A la entrada de la gran sala Debussy, donde se están presentando las 20 películas que compiten en la sección especial “Un certain regard” —que podría traducirse como “Otra mirada”— esta tarde flota una música de acordeón vallenato, cálida y apacible.

 Mucha gente se amontona en las distintas filas. Adentro, ya llena la sala, el propio director del Festival presenta a Ciro Guerra y a su equipo. Entre ellos está el protagonista de la película, Marciano Martínez, quien se encarga de reemplazar los discursos por unas notas de acordeón y una canción. Bajo el signo de la Palma de Oro, está sonando un vallenato en el escenario de Cannes. Y Ciro cuenta que Marciano está tocando con mucha voluntad y con gran dolor: acaba de ser operado de una mano.

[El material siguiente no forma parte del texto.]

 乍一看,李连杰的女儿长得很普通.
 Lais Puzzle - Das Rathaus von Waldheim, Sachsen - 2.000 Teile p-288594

Los viajes del viento, la película colombiana, es seria, grave, digna, lenta, bella y definitivamente de otro mundo. Si lo que en el Festival quieren es “otra mirada”, aquí la tienen. Más que la historia de un hombre que recorre un país para devolver un acordeón prestado, Los viajes de viento es la larga huella que deja la lealtad sobre la superficie de un mundo. Los paisajes son sublimes, pero arduos y crueles; los personajes insondables pero llenos de intensidad; la trama casi secreta pero memorable y eficaz. Es hermoso que de un país que ha perdido tantas cosas llegue esta historia de seres capaces de cumplir con la palabra empeñada a pesar de todos los obstáculos. Y es valiente de parte de un joven como Ciro Guerra animarse a hacer una obra de arte cinematográfico que está muy lejos de los esquemas comerciales a la moda, un canto a la amistad, a la paciencia y a la generosidad en una época que todos sabemos frívola, presurosa y mezquina.

Al final, un batir de palmas unánime cuando el protagonista toma de nuevo su acordeón y los vientos del valle deleitan por última vez a su público. Pronto se sabrá el resultado, pero desde ahora Ciro Guerra puede sentirse satisfecho: se ha hecho presente de una manera digna y arriesgada; como corresponde a su talento y a su juventud. Ha traído a Cannes el rostro de una región del mundo que para los colombianos mismos resulta misteriosa y desconocida. Y así obtenga o no el premio en la sección “Un certain regard”, no olvidará que estuvo en Cannes en el mismo certamen en el que se disputaban los premios grandes maestros del cine como Alain Resnais, Almodóvar, Tarantino, Amenábar y Lars von Trier, y donde también exhibían sus obras y pasaban por las calles directores legendarios como Francis Ford Coppola y Terry Gilliam.